(What to do) Stopping right after the line with "Hollister Brown and", please reproduce the material below exactly from its first line.

(Materials provided)
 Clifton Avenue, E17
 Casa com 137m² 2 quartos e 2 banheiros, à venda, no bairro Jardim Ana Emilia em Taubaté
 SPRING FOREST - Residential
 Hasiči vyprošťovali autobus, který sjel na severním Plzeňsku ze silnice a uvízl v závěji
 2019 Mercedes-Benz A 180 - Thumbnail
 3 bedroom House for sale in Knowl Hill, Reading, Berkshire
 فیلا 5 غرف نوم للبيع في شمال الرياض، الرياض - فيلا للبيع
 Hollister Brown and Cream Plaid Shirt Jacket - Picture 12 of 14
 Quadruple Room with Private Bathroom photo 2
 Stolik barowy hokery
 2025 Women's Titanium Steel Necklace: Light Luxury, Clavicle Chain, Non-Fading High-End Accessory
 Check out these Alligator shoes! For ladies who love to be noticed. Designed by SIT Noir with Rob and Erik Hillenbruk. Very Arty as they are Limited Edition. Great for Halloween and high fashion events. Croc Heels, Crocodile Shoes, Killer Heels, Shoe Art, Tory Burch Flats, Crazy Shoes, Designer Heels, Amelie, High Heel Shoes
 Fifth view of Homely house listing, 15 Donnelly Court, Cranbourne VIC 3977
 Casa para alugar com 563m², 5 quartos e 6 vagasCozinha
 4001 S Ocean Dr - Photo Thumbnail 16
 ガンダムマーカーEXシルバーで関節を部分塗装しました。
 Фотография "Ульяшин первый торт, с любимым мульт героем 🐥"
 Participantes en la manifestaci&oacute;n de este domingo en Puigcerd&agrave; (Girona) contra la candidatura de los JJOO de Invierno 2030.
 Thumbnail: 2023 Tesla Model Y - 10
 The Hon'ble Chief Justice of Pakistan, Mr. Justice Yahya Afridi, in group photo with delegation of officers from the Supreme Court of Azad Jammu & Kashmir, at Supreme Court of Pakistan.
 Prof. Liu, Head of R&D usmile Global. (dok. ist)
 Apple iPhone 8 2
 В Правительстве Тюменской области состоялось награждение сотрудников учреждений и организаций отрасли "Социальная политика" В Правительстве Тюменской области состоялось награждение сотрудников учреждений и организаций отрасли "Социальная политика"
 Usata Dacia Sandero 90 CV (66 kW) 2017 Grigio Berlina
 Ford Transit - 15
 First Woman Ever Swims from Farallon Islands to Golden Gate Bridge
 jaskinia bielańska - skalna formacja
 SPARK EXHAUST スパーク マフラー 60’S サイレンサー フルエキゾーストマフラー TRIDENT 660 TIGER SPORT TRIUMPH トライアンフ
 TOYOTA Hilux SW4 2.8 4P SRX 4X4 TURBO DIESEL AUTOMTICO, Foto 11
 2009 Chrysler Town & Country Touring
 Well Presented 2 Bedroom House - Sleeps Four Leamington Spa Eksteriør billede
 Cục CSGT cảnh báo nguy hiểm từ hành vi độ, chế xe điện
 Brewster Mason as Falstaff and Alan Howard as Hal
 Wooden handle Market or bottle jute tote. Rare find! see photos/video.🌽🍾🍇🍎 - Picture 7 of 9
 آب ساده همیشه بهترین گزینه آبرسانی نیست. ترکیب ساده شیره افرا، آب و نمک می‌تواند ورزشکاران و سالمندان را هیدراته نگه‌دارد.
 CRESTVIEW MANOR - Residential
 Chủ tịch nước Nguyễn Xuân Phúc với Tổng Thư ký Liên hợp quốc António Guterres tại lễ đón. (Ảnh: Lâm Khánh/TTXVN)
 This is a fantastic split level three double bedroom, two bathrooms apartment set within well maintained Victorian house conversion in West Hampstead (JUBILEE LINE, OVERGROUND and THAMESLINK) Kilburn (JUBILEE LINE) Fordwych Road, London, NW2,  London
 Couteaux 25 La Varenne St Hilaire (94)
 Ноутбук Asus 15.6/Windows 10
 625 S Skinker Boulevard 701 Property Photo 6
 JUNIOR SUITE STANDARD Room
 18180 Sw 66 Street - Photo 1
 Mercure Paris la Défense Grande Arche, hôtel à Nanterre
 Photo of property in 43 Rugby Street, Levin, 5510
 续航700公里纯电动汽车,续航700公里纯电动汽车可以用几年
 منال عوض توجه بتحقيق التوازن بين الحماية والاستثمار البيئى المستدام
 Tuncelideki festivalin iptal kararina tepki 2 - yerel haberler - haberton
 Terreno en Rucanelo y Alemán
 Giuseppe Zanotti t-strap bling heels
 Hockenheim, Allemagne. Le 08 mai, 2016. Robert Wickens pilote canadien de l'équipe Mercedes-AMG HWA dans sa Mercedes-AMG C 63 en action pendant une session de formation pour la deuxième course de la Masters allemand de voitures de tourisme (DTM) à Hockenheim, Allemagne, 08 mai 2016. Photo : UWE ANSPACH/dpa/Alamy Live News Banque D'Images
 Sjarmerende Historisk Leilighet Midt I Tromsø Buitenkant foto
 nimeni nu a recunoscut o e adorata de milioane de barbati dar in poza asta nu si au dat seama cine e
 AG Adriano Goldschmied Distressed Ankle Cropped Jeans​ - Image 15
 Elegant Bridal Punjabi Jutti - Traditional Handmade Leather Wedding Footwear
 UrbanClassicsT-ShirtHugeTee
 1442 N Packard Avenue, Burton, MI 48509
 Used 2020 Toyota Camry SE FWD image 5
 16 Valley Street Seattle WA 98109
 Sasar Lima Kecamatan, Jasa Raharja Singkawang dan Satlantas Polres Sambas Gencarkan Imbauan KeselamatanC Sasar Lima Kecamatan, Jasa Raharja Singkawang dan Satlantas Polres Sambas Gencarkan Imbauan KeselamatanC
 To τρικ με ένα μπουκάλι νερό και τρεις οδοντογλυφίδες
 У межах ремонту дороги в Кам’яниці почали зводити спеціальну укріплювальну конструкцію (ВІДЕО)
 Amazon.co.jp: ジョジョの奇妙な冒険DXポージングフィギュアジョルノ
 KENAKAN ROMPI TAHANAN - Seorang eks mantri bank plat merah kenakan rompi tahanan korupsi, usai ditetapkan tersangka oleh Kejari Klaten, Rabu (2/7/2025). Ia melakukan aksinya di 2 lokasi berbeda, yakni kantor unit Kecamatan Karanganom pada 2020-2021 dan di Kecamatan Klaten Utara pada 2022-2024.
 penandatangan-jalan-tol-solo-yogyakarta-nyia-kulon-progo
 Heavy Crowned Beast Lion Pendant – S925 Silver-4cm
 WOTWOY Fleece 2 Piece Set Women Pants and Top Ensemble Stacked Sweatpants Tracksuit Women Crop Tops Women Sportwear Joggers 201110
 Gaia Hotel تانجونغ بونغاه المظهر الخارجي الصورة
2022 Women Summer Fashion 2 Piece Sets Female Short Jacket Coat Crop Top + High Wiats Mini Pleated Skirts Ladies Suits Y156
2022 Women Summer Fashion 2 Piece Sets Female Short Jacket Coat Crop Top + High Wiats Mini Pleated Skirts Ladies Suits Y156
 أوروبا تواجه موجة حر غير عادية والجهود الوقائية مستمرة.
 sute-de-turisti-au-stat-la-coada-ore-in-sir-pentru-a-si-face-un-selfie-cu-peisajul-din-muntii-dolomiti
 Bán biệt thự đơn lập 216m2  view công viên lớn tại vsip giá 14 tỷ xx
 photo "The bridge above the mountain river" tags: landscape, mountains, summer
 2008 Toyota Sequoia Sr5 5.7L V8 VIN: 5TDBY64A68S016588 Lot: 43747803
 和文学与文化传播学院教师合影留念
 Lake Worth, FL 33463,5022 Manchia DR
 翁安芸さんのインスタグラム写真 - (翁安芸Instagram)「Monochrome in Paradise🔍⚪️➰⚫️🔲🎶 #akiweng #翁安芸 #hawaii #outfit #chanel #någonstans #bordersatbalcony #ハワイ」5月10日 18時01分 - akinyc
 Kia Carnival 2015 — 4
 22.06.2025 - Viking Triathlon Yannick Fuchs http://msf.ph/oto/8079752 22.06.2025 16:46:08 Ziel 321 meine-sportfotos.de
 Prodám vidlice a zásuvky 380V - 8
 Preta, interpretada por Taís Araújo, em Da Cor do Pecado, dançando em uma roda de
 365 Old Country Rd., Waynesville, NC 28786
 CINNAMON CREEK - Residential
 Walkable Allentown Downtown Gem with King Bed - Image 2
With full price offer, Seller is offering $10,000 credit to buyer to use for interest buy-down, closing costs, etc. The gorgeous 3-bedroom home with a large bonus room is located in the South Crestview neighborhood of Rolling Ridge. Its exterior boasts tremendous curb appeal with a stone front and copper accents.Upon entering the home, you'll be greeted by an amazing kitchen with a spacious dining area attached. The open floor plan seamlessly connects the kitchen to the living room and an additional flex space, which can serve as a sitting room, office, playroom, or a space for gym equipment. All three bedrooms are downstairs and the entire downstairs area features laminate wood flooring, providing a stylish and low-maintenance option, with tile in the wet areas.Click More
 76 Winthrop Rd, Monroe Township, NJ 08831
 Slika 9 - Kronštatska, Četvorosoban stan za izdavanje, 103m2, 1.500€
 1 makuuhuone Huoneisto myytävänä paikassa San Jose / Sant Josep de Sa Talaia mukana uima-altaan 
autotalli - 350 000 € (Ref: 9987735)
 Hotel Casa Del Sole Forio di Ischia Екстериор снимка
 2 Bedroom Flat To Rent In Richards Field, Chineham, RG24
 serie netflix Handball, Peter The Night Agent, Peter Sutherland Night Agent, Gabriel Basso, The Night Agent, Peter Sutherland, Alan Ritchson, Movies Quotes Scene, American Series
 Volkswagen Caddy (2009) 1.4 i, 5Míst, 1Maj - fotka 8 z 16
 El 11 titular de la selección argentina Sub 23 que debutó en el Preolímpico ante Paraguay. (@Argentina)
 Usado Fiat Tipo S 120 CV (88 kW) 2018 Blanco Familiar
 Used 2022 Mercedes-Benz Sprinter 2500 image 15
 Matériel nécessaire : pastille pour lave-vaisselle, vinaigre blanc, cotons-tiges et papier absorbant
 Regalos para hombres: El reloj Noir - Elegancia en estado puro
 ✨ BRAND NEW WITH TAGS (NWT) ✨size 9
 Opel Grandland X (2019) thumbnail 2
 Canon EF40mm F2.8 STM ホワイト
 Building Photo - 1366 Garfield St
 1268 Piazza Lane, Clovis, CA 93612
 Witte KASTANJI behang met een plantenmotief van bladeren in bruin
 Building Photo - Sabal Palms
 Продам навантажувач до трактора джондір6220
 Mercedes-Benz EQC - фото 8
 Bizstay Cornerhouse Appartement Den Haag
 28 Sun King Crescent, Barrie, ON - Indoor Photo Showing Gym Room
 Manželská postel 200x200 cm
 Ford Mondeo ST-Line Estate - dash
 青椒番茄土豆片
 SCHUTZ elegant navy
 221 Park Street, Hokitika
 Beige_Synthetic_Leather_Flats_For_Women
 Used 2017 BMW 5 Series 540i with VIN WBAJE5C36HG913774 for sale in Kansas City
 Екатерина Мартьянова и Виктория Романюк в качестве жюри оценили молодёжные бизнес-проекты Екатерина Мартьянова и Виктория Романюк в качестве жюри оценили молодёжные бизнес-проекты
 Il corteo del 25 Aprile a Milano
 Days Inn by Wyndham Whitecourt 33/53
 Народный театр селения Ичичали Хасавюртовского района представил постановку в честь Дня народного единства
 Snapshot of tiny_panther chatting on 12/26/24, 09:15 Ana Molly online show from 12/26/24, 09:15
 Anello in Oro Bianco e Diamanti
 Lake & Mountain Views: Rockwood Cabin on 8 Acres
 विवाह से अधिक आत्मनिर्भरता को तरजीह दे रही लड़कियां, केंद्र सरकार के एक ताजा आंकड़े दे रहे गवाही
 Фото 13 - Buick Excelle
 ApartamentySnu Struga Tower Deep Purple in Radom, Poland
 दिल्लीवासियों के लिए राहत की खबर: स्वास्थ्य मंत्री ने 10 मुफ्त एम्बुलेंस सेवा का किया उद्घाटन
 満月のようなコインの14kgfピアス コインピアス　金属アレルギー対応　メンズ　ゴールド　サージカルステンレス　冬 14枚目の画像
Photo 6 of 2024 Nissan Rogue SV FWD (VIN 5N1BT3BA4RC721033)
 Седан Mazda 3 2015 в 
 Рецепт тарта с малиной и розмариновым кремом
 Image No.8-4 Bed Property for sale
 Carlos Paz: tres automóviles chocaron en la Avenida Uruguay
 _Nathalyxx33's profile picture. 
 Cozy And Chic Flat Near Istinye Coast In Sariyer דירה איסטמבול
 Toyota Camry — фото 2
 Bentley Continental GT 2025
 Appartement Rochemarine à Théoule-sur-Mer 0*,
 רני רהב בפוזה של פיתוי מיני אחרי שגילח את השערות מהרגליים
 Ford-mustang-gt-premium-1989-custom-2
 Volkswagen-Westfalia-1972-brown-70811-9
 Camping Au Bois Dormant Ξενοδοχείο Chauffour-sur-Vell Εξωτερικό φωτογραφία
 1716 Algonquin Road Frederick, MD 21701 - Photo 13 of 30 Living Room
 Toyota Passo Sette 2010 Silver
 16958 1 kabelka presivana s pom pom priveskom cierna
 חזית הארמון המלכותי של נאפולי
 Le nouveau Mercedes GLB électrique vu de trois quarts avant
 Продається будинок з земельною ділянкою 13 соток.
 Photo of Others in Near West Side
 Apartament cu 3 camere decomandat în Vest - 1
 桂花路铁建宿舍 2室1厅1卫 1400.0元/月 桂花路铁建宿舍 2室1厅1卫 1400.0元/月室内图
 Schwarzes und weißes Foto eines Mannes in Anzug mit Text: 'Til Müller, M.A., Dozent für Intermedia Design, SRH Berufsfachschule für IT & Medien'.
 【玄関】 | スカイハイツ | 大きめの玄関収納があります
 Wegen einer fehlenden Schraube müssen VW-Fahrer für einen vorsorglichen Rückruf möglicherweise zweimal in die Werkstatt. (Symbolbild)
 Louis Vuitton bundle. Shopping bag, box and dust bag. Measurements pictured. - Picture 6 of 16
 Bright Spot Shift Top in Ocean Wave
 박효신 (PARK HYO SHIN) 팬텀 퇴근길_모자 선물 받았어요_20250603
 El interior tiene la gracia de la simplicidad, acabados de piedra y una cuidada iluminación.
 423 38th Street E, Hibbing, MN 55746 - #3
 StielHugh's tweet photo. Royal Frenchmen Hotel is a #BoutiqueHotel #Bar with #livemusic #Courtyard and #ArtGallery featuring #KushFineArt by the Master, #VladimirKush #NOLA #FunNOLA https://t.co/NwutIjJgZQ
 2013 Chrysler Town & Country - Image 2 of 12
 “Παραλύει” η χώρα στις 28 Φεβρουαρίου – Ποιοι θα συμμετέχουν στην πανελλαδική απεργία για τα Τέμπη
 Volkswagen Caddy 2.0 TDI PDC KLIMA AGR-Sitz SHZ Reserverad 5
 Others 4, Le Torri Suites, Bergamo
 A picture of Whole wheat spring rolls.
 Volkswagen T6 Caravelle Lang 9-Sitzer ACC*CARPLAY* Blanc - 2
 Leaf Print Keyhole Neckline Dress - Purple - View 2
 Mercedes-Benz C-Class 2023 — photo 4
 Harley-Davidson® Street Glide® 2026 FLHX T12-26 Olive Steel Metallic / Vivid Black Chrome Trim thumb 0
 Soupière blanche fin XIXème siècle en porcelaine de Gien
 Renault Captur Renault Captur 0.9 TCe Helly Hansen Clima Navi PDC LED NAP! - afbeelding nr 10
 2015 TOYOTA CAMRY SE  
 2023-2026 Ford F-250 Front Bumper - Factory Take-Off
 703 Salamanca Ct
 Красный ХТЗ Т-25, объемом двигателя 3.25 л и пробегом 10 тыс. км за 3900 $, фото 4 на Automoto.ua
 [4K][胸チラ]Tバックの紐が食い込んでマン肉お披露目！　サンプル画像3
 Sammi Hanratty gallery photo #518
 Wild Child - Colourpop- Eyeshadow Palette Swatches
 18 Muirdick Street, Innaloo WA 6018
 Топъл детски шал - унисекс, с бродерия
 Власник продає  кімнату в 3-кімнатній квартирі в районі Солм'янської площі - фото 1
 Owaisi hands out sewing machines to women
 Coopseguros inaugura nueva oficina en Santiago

(Solved problem)
 Clifton Avenue, E17
 Casa com 137m² 2 quartos e 2 banheiros, à venda, no bairro Jardim Ana Emilia em Taubaté
 SPRING FOREST - Residential
 Hasiči vyprošťovali autobus, který sjel na severním Plzeňsku ze silnice a uvízl v závěji
 2019 Mercedes-Benz A 180 - Thumbnail
 3 bedroom House for sale in Knowl Hill, Reading, Berkshire
 فیلا 5 غرف نوم للبيع في شمال الرياض، الرياض - فيلا للبيع
 Hollister Brown and Cream Plaid Shirt Jacket - Picture 12 of 14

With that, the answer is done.